**About this task**
After locating the line with "Image No.14-4 Bed House for sale" in the entries below, output it and each following line up to and including the line with "218 Southeast 14th", exactly and without pictures.

**The data**

········

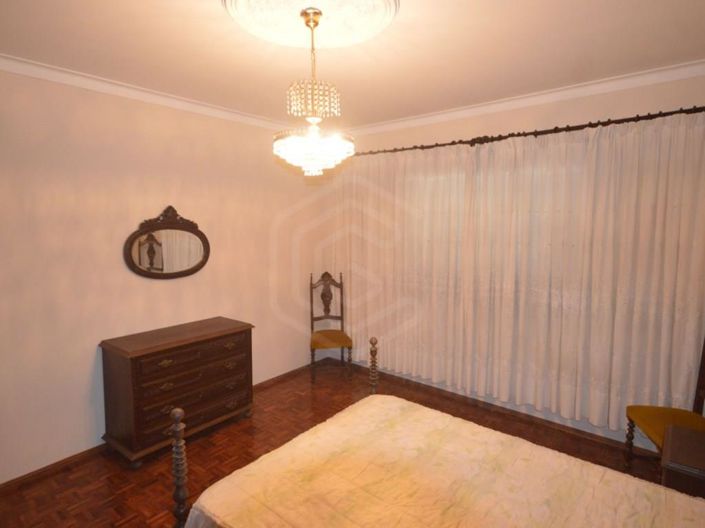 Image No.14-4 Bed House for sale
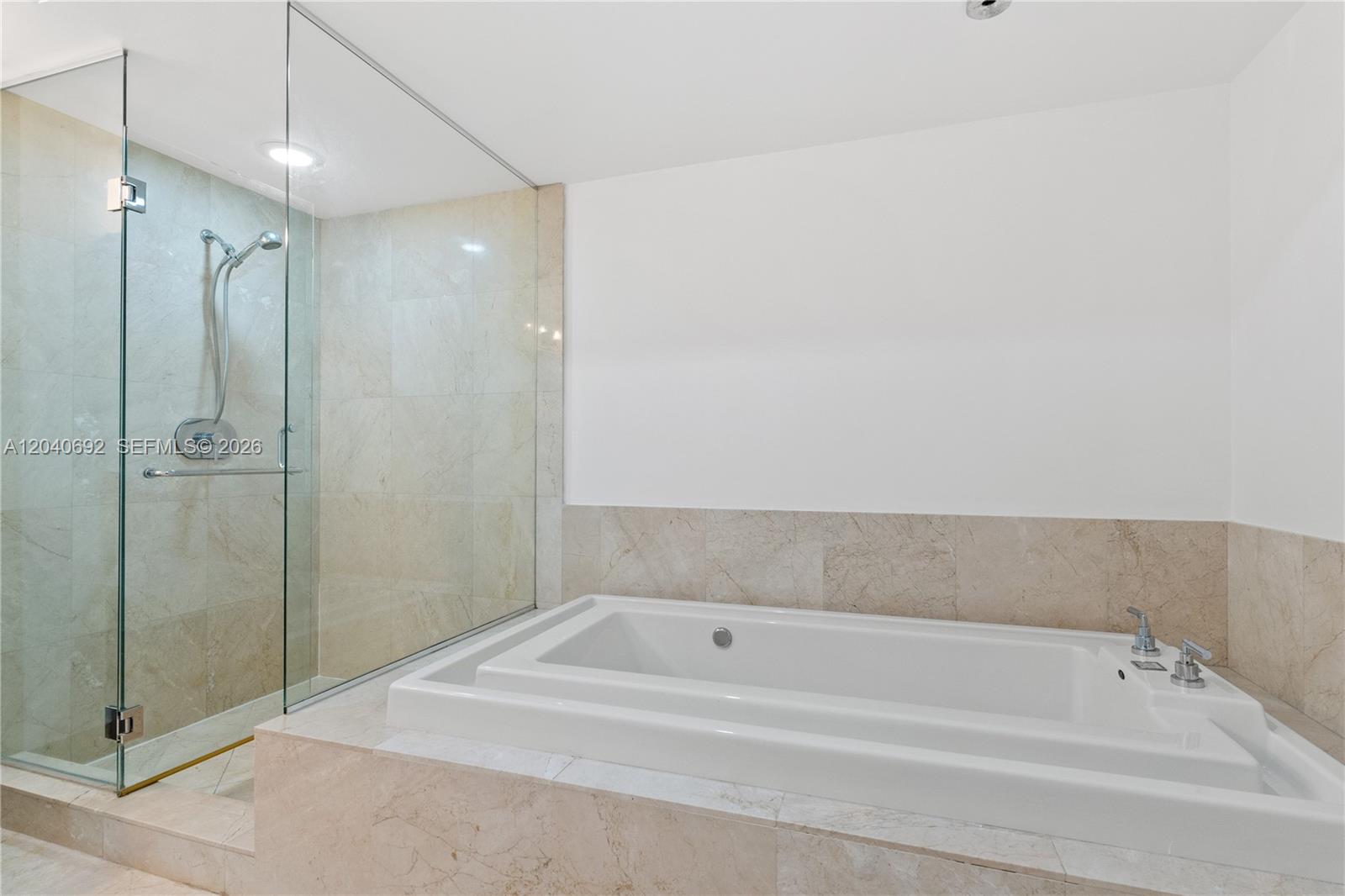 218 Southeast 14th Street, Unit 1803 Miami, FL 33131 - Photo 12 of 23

········

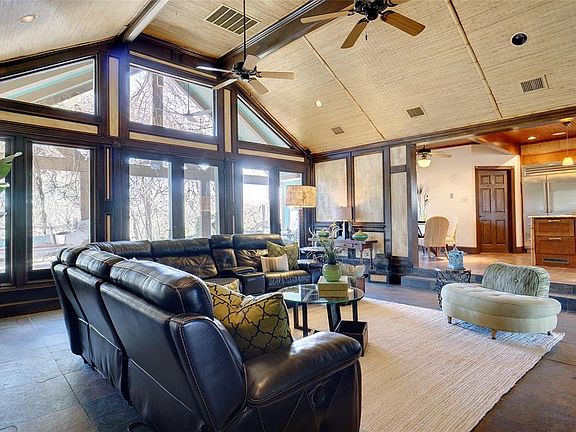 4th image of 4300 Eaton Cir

········

**Exercise output**
 Image No.14-4 Bed House for sale
 218 Southeast 14th Street, Unit 1803 Miami, FL 33131 - Photo 12 of 23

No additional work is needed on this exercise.